The Mekong River Delta is located at the final, nearly 300 km, with over 4,000 km of its course, mainly in Cambodia and Vietnam. In the lower section of the Mekong River, the two natural arms of the river (Tien River and Bassac Rivers) gradually separate into nine continuously functioning river beds, with a mean annual discharge 13,000 m3s [4]. In addition, the surface water system has been anthropogenically enriched with a network of canals, built over 3000 years of man settlement in this area [5]. There are two or three high water levels and ebbs in river branches and canal system of delta per day, with amplitude higher than 4 meters near sea area up to 1-2 m in Cambodia and Vietnam border region. Observed daily water level amplitude is higher in dry periods (November- May) than in times of monsoon rains [6]. Oppositive changes in water flow direction have a place each day in river branches with high morphological differences of maximal channel depth in places exceeding 30-35 m [7]. The banks of the river canals are abundantly colonized by water hyacinth mats with variable surface and density, regardless of hydrotechnical transformation degree. A high suspended material transport, near 100-200 mg·dm-3, is typical for the lower Mekong River, as long-term analysis indicated [8].
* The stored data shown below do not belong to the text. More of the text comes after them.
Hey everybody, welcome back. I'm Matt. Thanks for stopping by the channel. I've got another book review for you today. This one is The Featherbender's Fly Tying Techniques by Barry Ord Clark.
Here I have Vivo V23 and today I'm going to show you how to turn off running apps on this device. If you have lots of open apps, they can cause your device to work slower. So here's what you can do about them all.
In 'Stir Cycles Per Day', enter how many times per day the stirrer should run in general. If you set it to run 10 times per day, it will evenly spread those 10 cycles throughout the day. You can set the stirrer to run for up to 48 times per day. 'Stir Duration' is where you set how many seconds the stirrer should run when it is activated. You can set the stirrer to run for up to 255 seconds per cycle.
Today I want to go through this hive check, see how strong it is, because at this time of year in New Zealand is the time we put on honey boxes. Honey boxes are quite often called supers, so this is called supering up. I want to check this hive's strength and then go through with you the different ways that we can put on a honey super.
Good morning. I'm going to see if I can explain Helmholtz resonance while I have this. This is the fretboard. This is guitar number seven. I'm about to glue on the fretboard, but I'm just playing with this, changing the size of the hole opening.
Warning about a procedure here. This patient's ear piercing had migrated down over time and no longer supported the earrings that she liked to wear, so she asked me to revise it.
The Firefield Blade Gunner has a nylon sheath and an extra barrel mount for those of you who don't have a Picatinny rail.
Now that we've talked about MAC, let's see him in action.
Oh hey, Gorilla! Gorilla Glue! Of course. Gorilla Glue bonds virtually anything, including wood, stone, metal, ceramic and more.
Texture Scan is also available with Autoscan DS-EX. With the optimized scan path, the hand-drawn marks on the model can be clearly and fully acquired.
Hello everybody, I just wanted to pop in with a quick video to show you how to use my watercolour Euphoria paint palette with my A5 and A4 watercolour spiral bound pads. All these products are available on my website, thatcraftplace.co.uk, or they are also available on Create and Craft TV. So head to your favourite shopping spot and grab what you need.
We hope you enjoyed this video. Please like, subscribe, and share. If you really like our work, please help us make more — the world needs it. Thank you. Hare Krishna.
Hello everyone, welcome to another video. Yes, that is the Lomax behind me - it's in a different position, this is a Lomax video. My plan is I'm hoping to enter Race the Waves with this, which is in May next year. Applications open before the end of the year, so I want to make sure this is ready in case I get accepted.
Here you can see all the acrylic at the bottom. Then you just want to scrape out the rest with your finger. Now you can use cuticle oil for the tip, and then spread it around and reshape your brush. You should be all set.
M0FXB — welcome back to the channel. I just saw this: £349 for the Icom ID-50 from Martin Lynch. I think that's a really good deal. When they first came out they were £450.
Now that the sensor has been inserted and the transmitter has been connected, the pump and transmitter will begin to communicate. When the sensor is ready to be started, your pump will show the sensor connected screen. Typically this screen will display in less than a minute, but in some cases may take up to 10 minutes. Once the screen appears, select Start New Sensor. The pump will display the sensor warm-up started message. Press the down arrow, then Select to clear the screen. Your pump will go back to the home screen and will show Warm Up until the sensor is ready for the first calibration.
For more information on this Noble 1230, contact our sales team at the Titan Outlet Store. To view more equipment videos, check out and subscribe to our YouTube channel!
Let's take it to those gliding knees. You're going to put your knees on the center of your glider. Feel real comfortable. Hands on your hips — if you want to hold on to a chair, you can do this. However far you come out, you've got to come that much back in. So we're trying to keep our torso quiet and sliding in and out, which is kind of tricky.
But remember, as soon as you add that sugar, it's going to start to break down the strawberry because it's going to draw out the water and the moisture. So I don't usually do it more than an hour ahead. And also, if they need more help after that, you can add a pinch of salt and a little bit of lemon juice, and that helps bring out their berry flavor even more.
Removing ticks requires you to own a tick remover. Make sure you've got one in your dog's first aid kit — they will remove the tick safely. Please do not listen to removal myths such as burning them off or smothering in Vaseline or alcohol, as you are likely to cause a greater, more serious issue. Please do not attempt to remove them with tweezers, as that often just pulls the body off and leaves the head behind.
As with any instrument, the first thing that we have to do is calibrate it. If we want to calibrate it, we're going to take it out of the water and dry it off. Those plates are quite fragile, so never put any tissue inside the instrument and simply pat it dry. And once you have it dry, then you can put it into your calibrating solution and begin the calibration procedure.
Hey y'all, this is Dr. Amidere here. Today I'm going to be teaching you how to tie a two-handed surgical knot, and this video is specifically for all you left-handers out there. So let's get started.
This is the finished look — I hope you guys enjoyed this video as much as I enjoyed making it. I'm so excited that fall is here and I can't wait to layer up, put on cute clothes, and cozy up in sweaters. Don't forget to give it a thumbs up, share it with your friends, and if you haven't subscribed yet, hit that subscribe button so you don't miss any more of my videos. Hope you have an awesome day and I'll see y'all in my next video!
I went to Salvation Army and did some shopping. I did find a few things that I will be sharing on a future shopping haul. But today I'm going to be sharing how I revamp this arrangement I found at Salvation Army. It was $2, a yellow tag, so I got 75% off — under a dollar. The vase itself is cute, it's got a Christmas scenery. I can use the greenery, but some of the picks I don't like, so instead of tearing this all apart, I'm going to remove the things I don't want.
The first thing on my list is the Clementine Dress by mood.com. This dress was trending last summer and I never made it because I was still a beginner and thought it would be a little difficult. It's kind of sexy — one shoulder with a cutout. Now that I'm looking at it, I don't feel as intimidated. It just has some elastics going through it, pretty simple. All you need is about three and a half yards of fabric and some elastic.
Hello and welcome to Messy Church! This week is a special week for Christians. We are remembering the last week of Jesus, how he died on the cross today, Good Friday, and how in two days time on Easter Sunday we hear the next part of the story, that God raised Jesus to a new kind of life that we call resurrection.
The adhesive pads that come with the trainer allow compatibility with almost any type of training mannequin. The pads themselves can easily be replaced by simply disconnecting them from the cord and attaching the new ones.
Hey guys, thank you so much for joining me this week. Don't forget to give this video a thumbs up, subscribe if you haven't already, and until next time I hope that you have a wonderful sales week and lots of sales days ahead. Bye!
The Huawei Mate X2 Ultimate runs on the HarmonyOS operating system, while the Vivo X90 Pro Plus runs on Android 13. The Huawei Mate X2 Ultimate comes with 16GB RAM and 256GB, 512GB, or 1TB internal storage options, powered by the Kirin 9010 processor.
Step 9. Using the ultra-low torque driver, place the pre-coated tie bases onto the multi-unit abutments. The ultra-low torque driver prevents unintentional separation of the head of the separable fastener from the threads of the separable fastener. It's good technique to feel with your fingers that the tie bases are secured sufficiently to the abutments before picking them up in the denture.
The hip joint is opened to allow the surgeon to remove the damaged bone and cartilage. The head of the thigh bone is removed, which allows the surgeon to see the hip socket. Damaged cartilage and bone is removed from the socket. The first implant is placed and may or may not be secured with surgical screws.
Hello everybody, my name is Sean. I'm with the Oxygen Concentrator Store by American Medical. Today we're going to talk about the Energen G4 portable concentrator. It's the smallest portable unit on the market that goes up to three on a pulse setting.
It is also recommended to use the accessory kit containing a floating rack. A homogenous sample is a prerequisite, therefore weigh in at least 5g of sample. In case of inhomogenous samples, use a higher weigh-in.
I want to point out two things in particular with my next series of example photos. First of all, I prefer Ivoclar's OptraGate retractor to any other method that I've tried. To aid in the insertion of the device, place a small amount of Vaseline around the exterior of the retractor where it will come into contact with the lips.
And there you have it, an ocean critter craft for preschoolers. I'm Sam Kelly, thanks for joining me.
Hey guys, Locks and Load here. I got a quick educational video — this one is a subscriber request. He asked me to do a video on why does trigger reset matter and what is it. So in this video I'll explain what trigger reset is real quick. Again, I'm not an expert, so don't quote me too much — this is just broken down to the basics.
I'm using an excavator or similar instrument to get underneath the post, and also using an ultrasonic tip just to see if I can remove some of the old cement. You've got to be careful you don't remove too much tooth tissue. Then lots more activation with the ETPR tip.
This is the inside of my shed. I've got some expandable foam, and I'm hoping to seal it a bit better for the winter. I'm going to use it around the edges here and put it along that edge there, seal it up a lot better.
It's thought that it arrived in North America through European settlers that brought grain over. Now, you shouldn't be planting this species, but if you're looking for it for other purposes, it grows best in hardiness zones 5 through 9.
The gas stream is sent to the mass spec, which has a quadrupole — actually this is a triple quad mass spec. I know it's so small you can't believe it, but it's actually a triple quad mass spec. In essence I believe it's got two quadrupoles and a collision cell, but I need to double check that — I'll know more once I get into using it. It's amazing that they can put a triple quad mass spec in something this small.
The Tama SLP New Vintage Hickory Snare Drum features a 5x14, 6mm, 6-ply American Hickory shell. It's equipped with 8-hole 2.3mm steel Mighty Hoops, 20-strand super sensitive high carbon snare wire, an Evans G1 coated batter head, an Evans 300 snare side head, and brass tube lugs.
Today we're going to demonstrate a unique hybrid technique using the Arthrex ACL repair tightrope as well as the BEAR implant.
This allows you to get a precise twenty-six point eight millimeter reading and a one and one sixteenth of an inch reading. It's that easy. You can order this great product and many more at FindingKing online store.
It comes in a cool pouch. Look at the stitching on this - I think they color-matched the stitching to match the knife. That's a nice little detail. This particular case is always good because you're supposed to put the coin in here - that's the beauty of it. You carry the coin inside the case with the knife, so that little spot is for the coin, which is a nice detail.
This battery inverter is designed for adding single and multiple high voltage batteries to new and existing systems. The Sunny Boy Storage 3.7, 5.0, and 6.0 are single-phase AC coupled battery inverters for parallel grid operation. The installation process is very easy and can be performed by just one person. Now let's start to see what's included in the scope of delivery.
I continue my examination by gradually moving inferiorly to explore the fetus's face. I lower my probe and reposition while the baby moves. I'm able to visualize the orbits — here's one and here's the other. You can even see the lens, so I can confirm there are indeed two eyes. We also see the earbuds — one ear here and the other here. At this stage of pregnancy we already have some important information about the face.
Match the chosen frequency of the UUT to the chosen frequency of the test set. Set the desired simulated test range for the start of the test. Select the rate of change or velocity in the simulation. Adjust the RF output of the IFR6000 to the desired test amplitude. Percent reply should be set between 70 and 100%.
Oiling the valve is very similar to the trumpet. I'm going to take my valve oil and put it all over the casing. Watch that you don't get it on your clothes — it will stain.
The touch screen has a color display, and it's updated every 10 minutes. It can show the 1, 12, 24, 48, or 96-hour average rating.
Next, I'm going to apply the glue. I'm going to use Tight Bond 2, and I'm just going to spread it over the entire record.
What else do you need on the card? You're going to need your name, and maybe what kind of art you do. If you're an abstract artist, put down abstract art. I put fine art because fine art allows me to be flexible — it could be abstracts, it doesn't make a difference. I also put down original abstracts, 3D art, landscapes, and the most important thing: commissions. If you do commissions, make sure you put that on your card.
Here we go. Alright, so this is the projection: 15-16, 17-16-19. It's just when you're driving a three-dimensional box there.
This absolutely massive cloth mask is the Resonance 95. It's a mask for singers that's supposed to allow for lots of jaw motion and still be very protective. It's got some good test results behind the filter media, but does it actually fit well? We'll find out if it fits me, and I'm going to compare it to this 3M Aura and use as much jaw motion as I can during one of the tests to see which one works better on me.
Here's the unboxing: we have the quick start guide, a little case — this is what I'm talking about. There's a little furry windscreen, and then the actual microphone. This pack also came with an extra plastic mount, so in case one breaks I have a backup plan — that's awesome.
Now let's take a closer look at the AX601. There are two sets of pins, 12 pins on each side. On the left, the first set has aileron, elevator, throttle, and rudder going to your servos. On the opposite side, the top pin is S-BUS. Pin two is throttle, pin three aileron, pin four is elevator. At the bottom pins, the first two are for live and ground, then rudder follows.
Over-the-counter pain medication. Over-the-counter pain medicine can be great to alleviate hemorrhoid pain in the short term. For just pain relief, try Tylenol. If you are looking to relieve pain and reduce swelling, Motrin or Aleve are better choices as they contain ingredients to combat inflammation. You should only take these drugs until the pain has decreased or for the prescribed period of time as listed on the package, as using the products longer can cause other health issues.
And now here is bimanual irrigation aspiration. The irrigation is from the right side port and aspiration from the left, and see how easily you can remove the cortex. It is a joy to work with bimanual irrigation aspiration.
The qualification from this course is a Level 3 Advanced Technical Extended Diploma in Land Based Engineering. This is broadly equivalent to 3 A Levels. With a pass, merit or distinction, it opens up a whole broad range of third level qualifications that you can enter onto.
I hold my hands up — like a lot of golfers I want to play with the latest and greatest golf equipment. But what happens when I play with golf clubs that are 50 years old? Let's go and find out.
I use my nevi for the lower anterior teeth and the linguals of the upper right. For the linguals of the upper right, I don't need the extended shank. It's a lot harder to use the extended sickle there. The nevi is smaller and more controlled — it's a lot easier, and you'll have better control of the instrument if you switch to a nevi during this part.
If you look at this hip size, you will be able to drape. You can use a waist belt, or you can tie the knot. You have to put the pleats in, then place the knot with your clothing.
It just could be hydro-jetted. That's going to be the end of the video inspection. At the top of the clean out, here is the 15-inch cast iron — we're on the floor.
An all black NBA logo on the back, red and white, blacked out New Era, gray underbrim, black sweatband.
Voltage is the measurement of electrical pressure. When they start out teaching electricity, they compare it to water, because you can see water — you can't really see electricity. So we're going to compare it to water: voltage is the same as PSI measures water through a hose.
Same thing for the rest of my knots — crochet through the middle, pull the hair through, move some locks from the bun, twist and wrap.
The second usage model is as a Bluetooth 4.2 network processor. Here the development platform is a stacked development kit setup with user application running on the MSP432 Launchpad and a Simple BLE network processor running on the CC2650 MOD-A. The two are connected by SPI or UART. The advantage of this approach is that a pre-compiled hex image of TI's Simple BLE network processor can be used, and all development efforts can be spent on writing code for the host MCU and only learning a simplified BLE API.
The field research was provided in the period October 2019 - February 2020 on the river stretch between My Tho and Cai Be in Vietnam (Figure 1) in a period of low discharge and drought (MRC, 2021). Presented in paper data are typical for the late wet period and the beginning of the dry season. The diurnal cycle of the water level was monitored over a few weeks period, as well as water direction flow, water temperature at 10 cm depth, Secchi disc visibility, water conductivity, and oxygen concentrations. Measurements were made manually, using an HQ40D Multi Meter (Hach-Lange GmbH), with 1–2-hour intervals, according to water level change rates. In the each of observation companies in Cai Be station (Figure 1, location B) a strong dynamic of water level was observed, with a diurnal amplitude higher than 2.1 m (Table1) compared to the 1.3 m amplitude noted in My Thuan hydrological station located near 30 km upstream (Figure 2). That is agree with the typical decrease water level amplitude tendency with sea distance increasing [9,10]. Short-time changes in river water level induced by tides provide periodical drying of bottom sediments from peripheral bed zones. The changes in the river water level were accompanied by changes in the flow direction. The change of the water flow direction in the riverbed does not take place frontally, but each time, there are three phases (Figure 3).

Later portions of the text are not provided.